### [What you need to do]
From the entries that follow, copy exactly the lines beginning at the line holding "사진은 장생포 고래문화특구." and continuing through the line holding "Nóng: Trung Quốc".

### [Provided records]
-- Opening Marker --

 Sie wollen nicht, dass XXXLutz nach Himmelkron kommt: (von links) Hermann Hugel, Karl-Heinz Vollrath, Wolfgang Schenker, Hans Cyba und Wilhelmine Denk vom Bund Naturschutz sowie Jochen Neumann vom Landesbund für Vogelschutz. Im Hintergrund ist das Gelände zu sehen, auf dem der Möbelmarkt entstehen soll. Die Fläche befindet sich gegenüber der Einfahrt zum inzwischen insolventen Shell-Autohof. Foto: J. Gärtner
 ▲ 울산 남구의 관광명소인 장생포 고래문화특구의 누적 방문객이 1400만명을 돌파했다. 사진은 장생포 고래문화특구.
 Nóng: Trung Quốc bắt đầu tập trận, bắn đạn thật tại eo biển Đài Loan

-- Closing Marker --
-- Opening Marker --

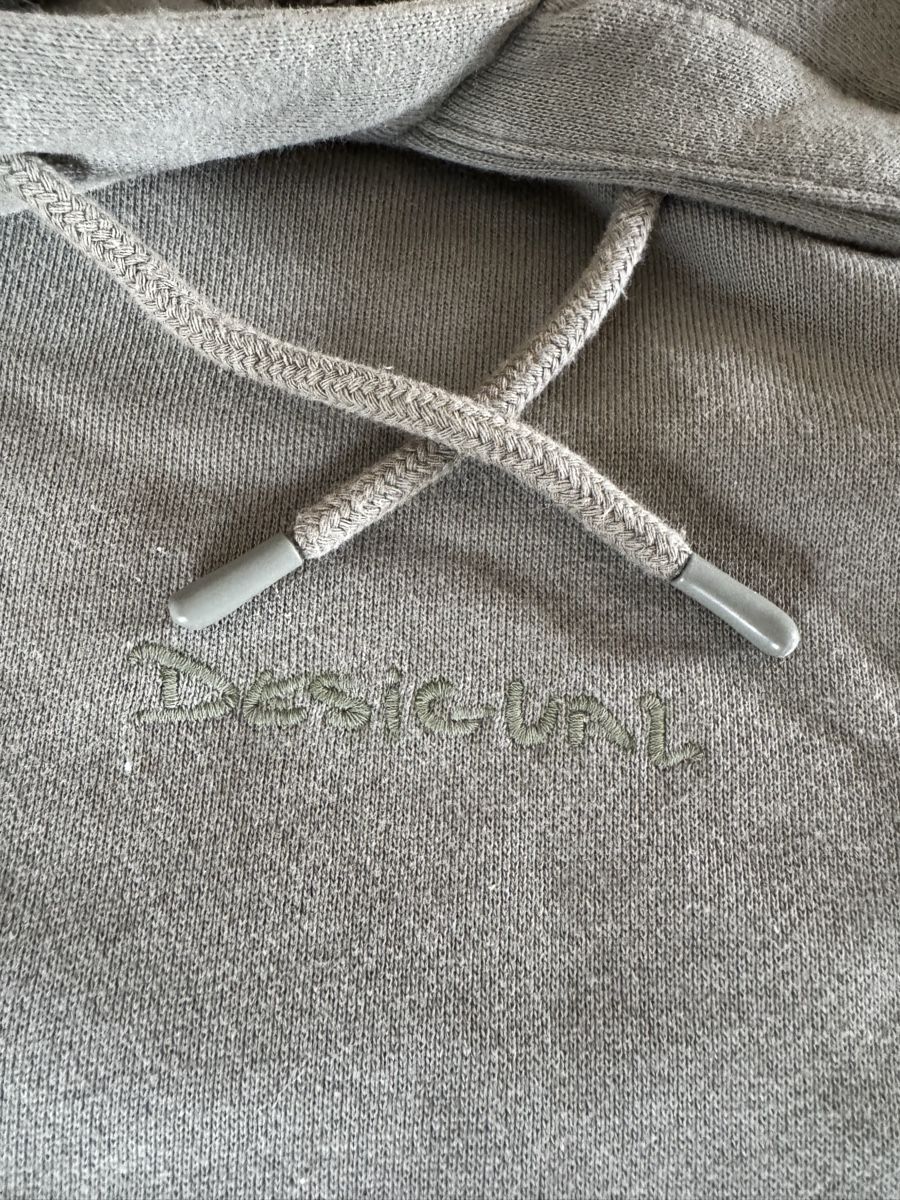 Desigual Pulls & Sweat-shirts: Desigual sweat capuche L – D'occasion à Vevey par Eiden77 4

-- Closing Marker --

### [Result of this exercise]
 ▲ 울산 남구의 관광명소인 장생포 고래문화특구의 누적 방문객이 1400만명을 돌파했다. 사진은 장생포 고래문화특구.
 Nóng: Trung Quốc bắt đầu tập trận, bắn đạn thật tại eo biển Đài Loan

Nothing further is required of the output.